We all had experience with ipilimumab, which causes colitis. We had experience with pembrolizumab and nivolumab causing colitis, but more thyroiditis and other adverse events. Everybody who was using this drug in the clinical trial was already experienced.

In the dermatology-oncology community, adverse-event management is something that is completely referred to the routine. Therefore, it’s not a problem for us to manage these adverse events. It would be difficult if this is ipilimumab-nivolumab as given for metastatic melanoma patients, because there’s substantially more toxicity, and I would refrain from treating patients who were older than 80 years old with this amount of toxicities. But for conventional programmed cell death protein 1 [PD-1] antibodies, it’s not a problem for everybody who is used to giving drugs of immuno-oncology.

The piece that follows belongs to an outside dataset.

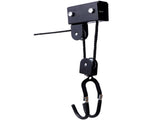 Kayak Hoist Quality Garage Storage Canoe Lift with 125 lb Capacity Even Works as Ladder Lift 83446316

Dirk Schadendorf, MD: Cemiplimab is a newer player in the field, but it’s a checkpoint inhibitor. We have experience with checkpoint inhibitors like pembrolizumab, nivolumab, and others, and everybody who has used PD-1 blockers also has an easy time with cemiplimab because it’s a class effect of adverse effects you can expect. The handling of these drugs is very similar. The safety profile is very similar to what you are used to treating other oncological diseases with. Most of these adverse effects are mild and easy to manage. There are some adverse effects one needs to be aware of. This includes, for example, the thyroid, which is producing hypothyroidism over time, so monitoring the thyroid function and the hormone status are important.